Joining a Windows Server to an Active Directory domain allows it to be centrally managed, use domain user accounts, apply Group Policy, and integrate with other domain services. It is one of the first things you do when setting up a new server in an existing environment. Here is how to do it correctly.
Before You Start
- DNS must point to the domain controller. Active Directory relies entirely on DNS. Set the server’s primary DNS server to the IP address of your domain controller — not 8.8.8.8 or your router. This is the most common reason domain joins fail.
- The server must be able to reach the domain controller on the network. Run
ping domainname.localandping DCnameto confirm. - Have domain admin credentials ready. You will need a domain account with permission to join computers to the domain.
- Give the server a meaningful hostname first. The computer name is registered in Active Directory during the join — rename it before joining rather than after (renaming after requires a second reboot).
Set DNS to Point to the Domain Controller
- Open Network and Sharing Centre → Change adapter settings
- Right-click the network adapter → Properties
- Select Internet Protocol Version 4 (TCP/IPv4) → Properties
- Set the Preferred DNS server to the IP address of your domain controller
- Click OK
Confirm DNS is resolving the domain: nslookup yourdomain.local — it should return the domain controller’s IP.
Join the Domain via System Properties
- Right-click the Start button → System
- Click Rename this PC (advanced) or scroll to Advanced system settings
- In the System Properties dialog, click the Computer Name tab → Change
- Under Member of, select Domain and enter your domain name (e.g.
contoso.localorcontoso.com) - Click OK — you will be prompted for domain credentials
- Enter a domain administrator username and password
- Click OK — a “Welcome to the domain” message confirms success
- Restart the server — the join is not complete until after a restart
Join the Domain via PowerShell
# Join domain (prompts for credentials interactively)
Add-Computer -DomainName "contoso.local" -Restart
# Join domain with credentials in the script
$cred = Get-Credential
Add-Computer -DomainName "contoso.local" -Credential $cred -Restart
# Join domain and place the computer account in a specific OU
Add-Computer -DomainName "contoso.local" -OUPath "OU=Servers,OU=IT,DC=contoso,DC=local" -Credential $cred -RestartThe -Restart flag restarts the server immediately after joining. Remove it if you want to restart manually at a convenient time.
Verify the Domain Join
After the restart, log in with a domain account (format: DOMAIN\username or [email protected]) to confirm domain authentication is working. Via PowerShell:
(Get-WmiObject Win32_ComputerSystem).DomainThis should return your domain name (e.g. contoso.local). If it returns WORKGROUP, the server is not domain-joined.

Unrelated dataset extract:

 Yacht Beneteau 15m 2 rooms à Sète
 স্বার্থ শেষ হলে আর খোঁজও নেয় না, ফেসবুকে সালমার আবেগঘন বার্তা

Troubleshooting Domain Join Failures
“The following error occurred attempting to join the domain — DNS name does not exist”: DNS is pointing at the wrong server. Check the NIC’s DNS settings — it must point to the domain controller.
“The credentials supplied conflict with an existing set of credentials”: Windows is caching different credentials. Use the full domain format: CONTOSO\Administrator rather than just Administrator.
“The computer account already exists”: a computer object with this name already exists in Active Directory — either from a previous join or pre-staged. Delete the old computer object in Active Directory Users and Computers, or use a domain admin account that has rights to reuse it.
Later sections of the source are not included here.